Mariana de Alcoforado: monja, escritora, amante

 
Las cartas de la monja portuguesa han resistido el paso del tiempo y son, en nuestro momento, el testimonio de un amor que triunfó sobre las prohibiciones y la distancia a través de la palabra. "De no haber sido por la desdichada monja encerrada, el militar francés jamás hubiera subsistido en la Historia a los embates de la muerte y el olvido", nos dice la ensayista uruguaya Andrea Blanqué en este notable trabajo sobre Mariana de Alcoforado, monja, escritora y amante, y su casi anónimo enamorado, el señor conde de Saint-Léger.

En enero de 1669 una librería próxima a la Sainte Chapelle de París mostraba una novedad en su vidriera. Se trataba de un pequeño volumen, de ciento ochenta y dos páginas, cuyo abultado cuerpo de letra demostraba que el texto allí contenido era breve pero que ameritaba una edición propia. El título aparecía en francés –Lettres portugaises– pero un subtítulo aclaraba que se trataba de una traducción. Las cartas habrían sido escritas entre diciembre de 1667 y junio de 1668 por una monja portuguesa, y enviadas a un gentilhombre francés, quien a su vez las habría hecho circular entre sus amistades, hasta llegar a la forma de libro.

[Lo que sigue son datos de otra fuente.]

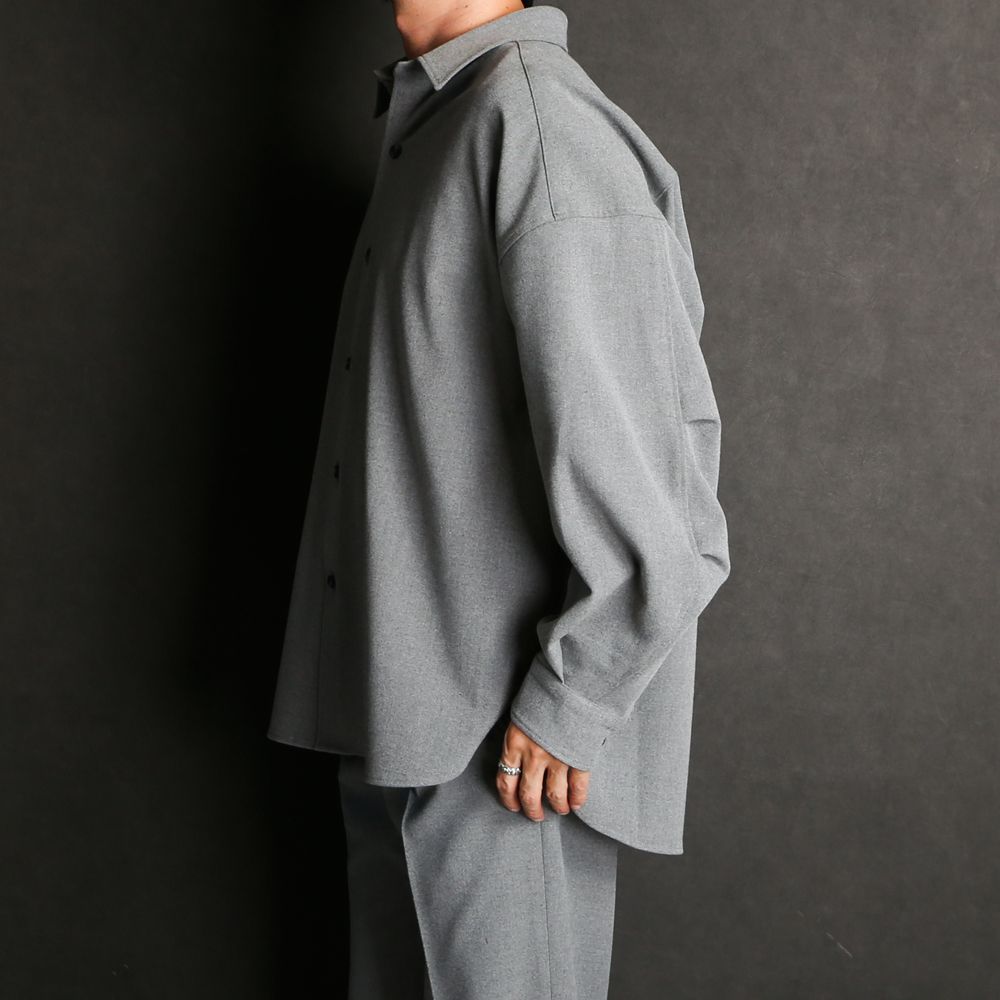 BIG SHIRTS / ビッグシャツ / VTM-22-S-104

El volumen tuvo un éxito inmediato, que puede atribuirse a la moda que entonces cundía entre los franceses y que se prolongó a lo largo del siglo XVIII, moda llevada a cabo entre las preciosas, en los tocadores, que consistía en leer epistolarios amorosos.

Pero el éxito podría haber quedado allí, en aquella moda; sin embargo, hasta el presente las Cartas de amor de la monja portuguesa continúan siendo ávidamente leídas en todos los idiomas a los que han sido traducidas, reeditadas una y otra vez, y hasta llevadas al teatro. Hoy, en el siglo XXI, los cinco textos que una monja encerrada en un convento de una ciudad del sur de Portugal escribió para que llegasen a manos de su ex amante, quien había partido a Francia, tienen una asombrosa modernidad atribuible a su verdad esencial y a su desnudez, sin el adorno inútil de la moda.

Mentiras verdaderas

Cuando el libro comenzó a circular en Francia, se supo que las cartas habían sido escritas por una monja portuguesa llamada Mariana. Luego, en posteriores ediciones, trascendió que su destinatario era una caballero francés llamado Noel Boutton de Chamilly, conde de Saint-Léger. No faltó quien dudara de la veracidad de esas cartas, atribuyéndolas a una mente imaginativa. Se dice que entre los interesados en negar la autenticidad de las cartas estaba la propia familia de Mariana, los poderosos Alcoforado, que intentaron atribuir esos textos a Guillerragues, un recopilador de cartas de soldados franceses de las guerras en Portugal.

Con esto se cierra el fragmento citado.